I kept to myself in Mexico. I had one goal: finish what I started seven years earlier in my bedroom when I typed what is reality? into a search bar. I optimized my life around that objective, erasing everything superfluous: people, activities, events. Every day was the same: sit under an umbrella at my favorite cafe in my favorite neighborhood and focus. Go for an afternoon walk. Do another creative session. Workout. Sleep. Repeat. It was a multi-month, uninterrupted, rolling flow state: my idea of pure bliss.

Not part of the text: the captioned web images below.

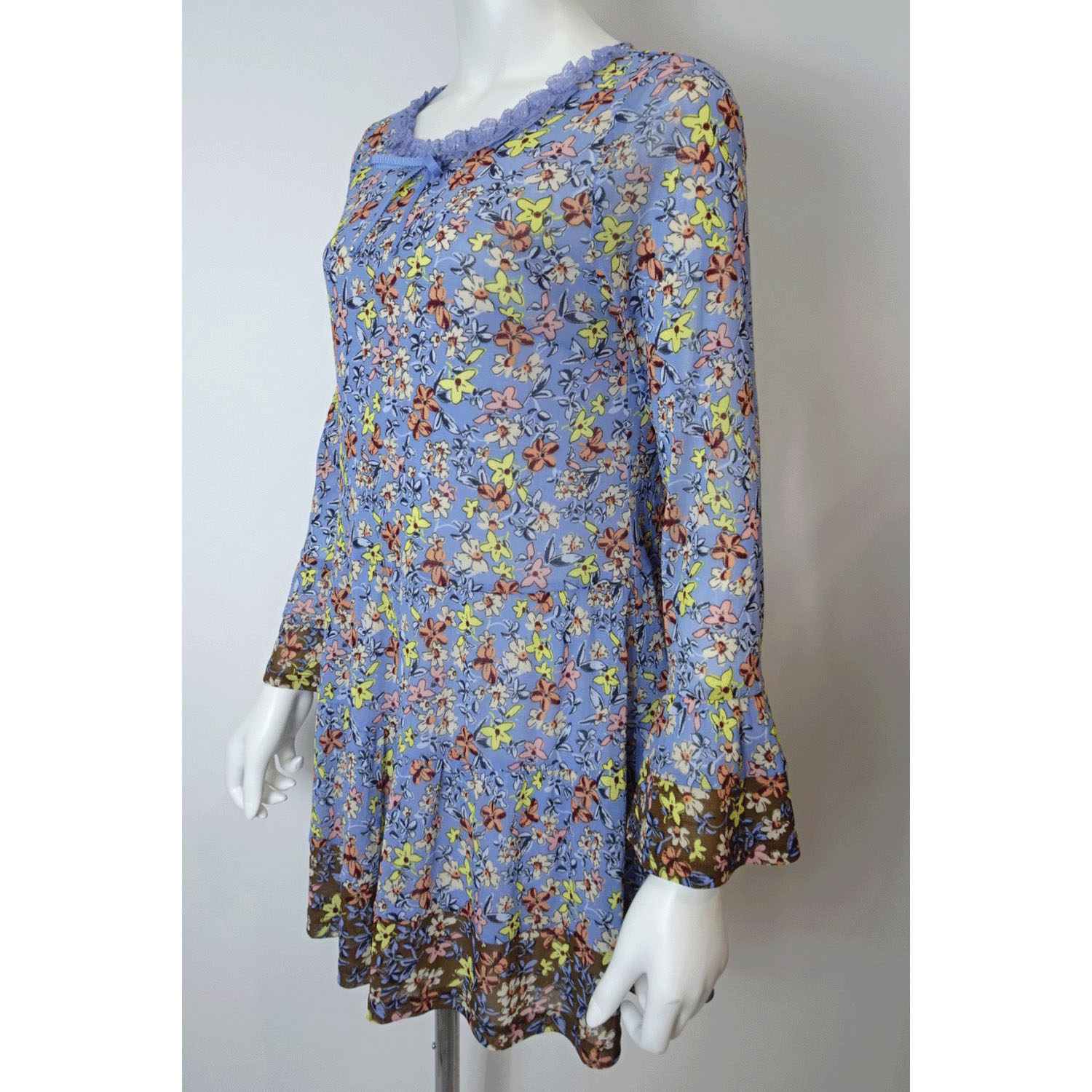 Super Beauty 小花プリントパワーネット素材チュニックカットソー - 画像3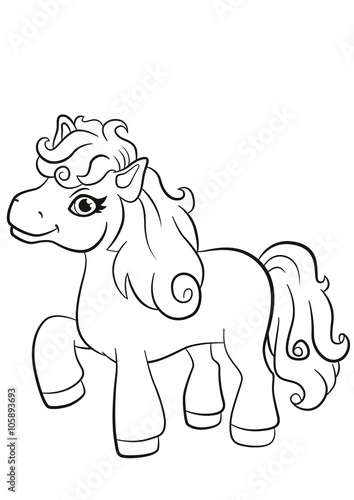 Coloring pages. Little cute pony stands and smiles.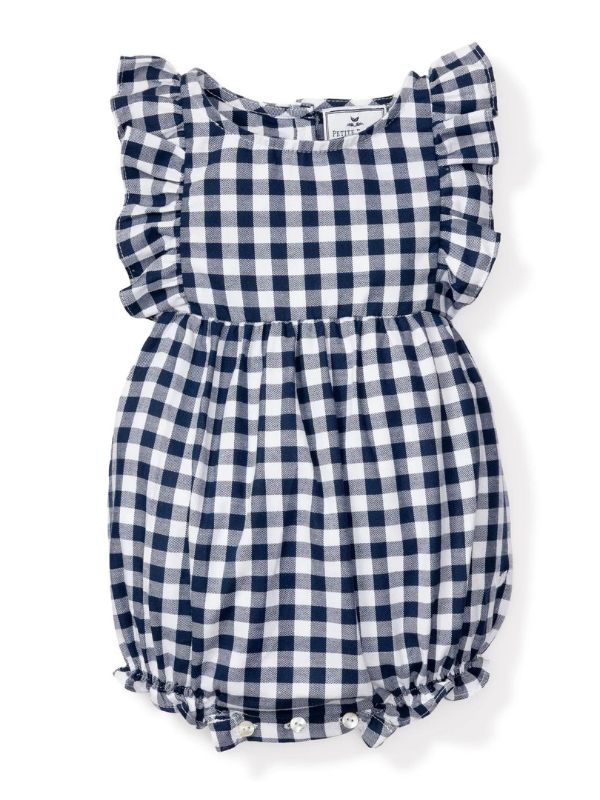 Navy Gingham Ruffled Romper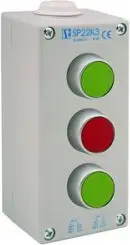 Buton i trefishtë kontrolli Spamel, NO 1R, IP65, M20, i gjelbër / kuq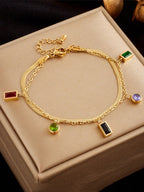 سوار سلسلة كريستال دوبامين مزدوج المستوى واسع النطاق ومتعدد الألوان بفصوص وفولاذ من الفولاذ المقاوم للصدأ للنساء، مناسب للارتداء اليومي.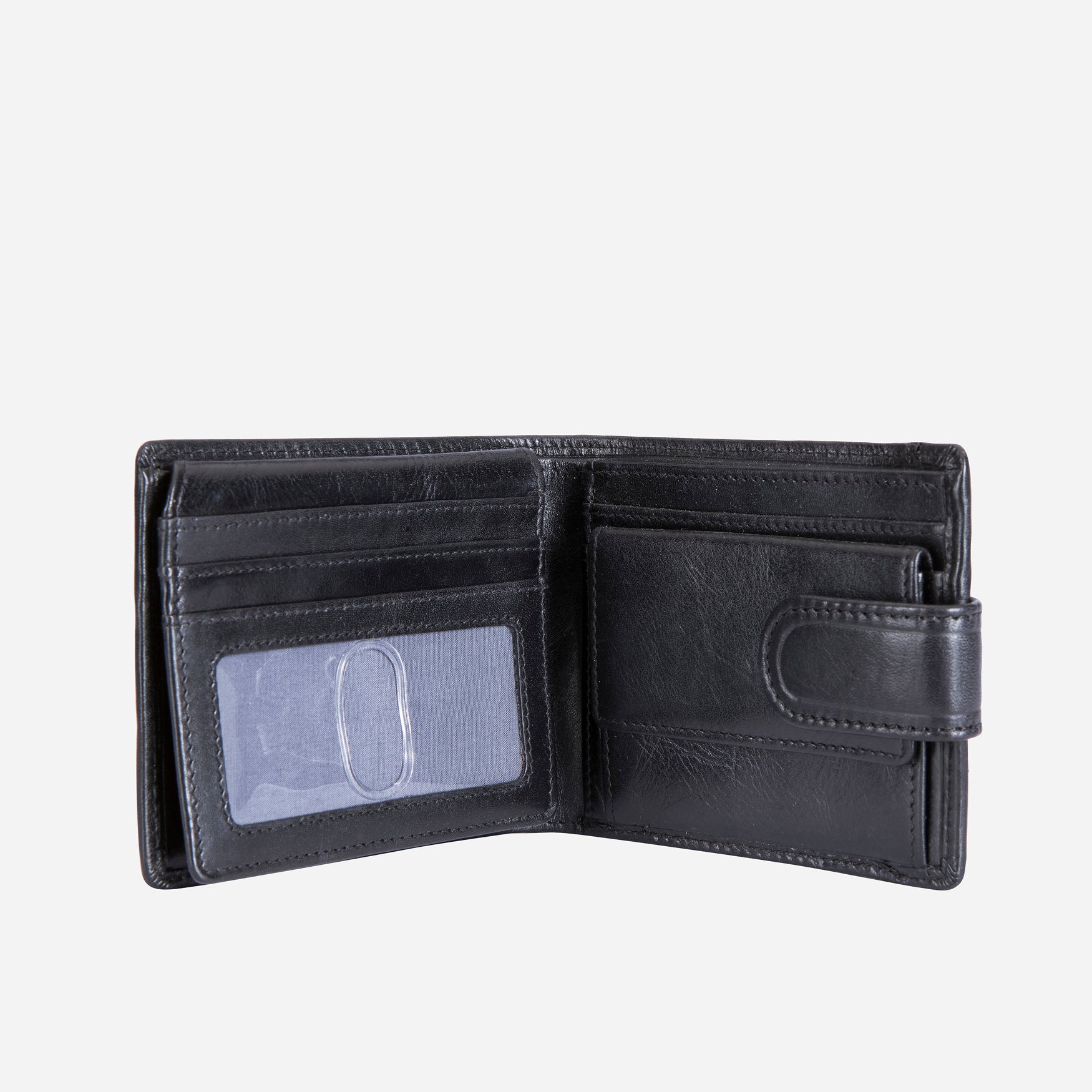Oxford Bifold Wallet in black leather with coin and tab closure, showcasing its sleek design and compact size.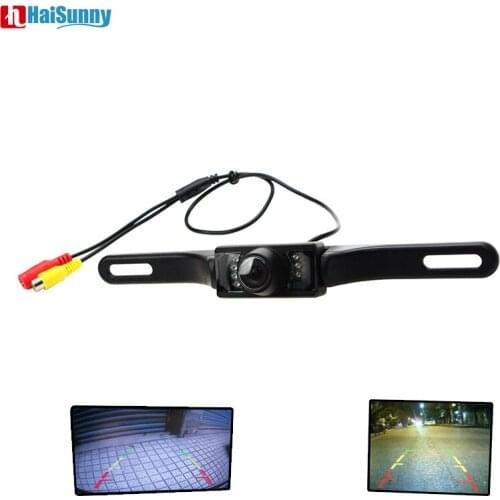 HaiSunny DVR Backup CMOS NTSC System Parking view Camera has HD Waterproof Reversing IR LED Night and installed on License Plate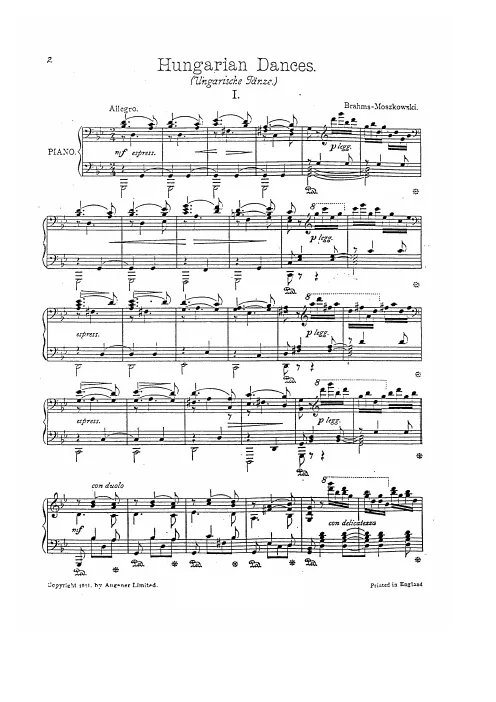 First page of Hungarian Dances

I did take a short break when Eman passed through town. The last time I saw him was in Medellin in 2020, right before the pandemic hit. Zac had warned me about the impending arrival of a “smart and ridiculously good-looking Argentinian gentleman” — a friend he’d met through mutual connections at a business thing in Lithuania. I’d heard the guy’s name thrown around throughout the years — “that time Eman and I were at Simon’s villa in Italy,” “That time Eman dove into the lake and rescued the drowning girl,” etc. Zac asked if I wanted to be set up so he could save me from my sad state of perpetual singledom. I wasn’t interested. The last thing I wanted was a distraction while I put the pieces of my life back together.

Nevertheless, a few weeks later, I found myself seated next to a tall man in his mid-thirties with caramel skin, dark eyes, massive biceps, interesting opinions, and an open mind. Zac had mentioned his friend had “a certain effect on the ladies,” and I wasn’t immune to it. The Argentinian and I sunk deep into conversation during dinner, which kicked on to drinks at various local bars when the rest of the group went home. As the night wore on, we found our bodies pressed against each other at a reggaeton club, the scent of cologne and perfume and sweat saturating our senses, his arms wrapped around my waist, my arms wrapped around his neck, dancing into the wee hours of the morning while happy Colombians smashed shots of aguardiente on a little wooden table. The adventure ended with us walking home, plotting the hypothetical heist of a colorful piñata from the neighbouring bar, then making out under the stars on Zac's terrace next to a little waterfall and a potted tree that sprouted berries in the spring.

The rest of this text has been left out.